クリント・イーストウッド監督、ジェイソン・ホール脚本

ベテラン監督クリント・イーストウッドの最新映画『アメリカン・スナイパー』は、クリス・カイルの自伝を映画化したものだ。通説によれば、カイルは、約255人を射殺し、そのうち160件はペンタゴン公式戦果というアメリカ軍史上最強の射手だ。映画は、9/11攻撃後、外国人嫌いの復讐と暴力物語で、イラクで複数回服務するカイルの跡を辿る不器用な、漫画の様な取り組みだ。


アメリカン・スナイパー

粗雑な調子と主題は、ごく初めに、カイルの子供時代の場面で導入される。校庭で、ずっと体の大きないじめっこに、弟が殴られていて、他の子供達は二人を囲んでいた。カイルは、相手の子を攻撃して、弟を守ると決めた。

その夜の夕食時、カイルの父親は、息子達に、世界には三種類の人々がいる、羊と、狼と牧羊犬だと説明する。世界のあらゆる“悪”の原因は、略奪的な狼であり、自分ではなんともできない羊を守るのは“攻撃力に恵まれた”牧羊犬の仕事だと父親は説明する。

どうやらこれが『アメリカン・スナイパー』の中では、終始カイルの動機だったようだ。アメリカは“邪悪な者”によって攻撃されているという考え方が、極右や軍シンパ狂信者の論理的根拠だ。それはまた、あべこべの世界でもある。帝国主義は、中東を一世紀以上、支配し略奪した。過去数十年間、アメリカは主な侵略源だった。アメリカは牧羊犬の毛皮を被った狼なのだ(しかも、実に下手な変装だ)。『アメリカン・スナイパー』は、幻想と真っ赤なウソに根差しており、決してそこから立ち直れずにいる。

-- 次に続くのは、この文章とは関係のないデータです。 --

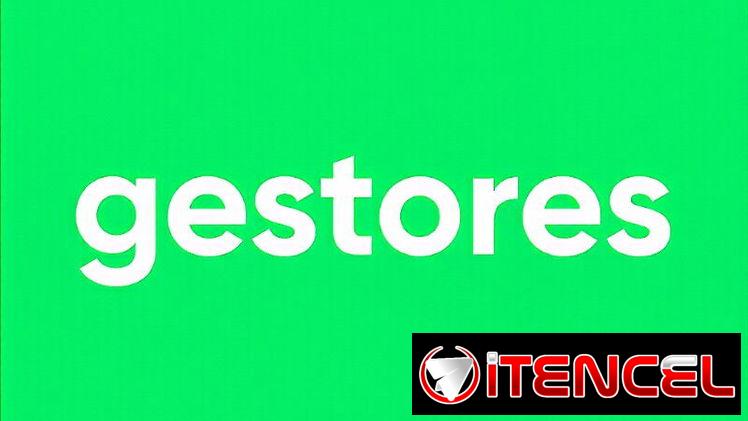 Se busca gestores para elecrtodonesticos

後年、成長したカイル(ブラッドリー・クーパー)はロデオ・カウボーイとなったが、1998年のアメリカ大使館爆弾攻撃を見た後、地政学にはまってしまう。彼は目をカッと見開いて、夢うつつの状態でテレビを見つめ、“あれを見ろ…連中が我々にしでかしたことを。”と小声でささやく。

彼は、“頭にきたので”入隊し、戦いたいのだという新兵募集係の評価を確認して、海軍に志願する。米海軍特殊部隊ネービー・シールズ狙撃手として、過酷な訓練が始まる。訓練の終わり頃、カイルは、タヤ(シエナ・ミラー)と出会い、最後には恋に落ちる。彼女は、当初は傲慢なシールズ隊員とのデートに懸念を抱いているが、じきに、カイルの素朴なテキサスっ子の魅力に屈してしまう。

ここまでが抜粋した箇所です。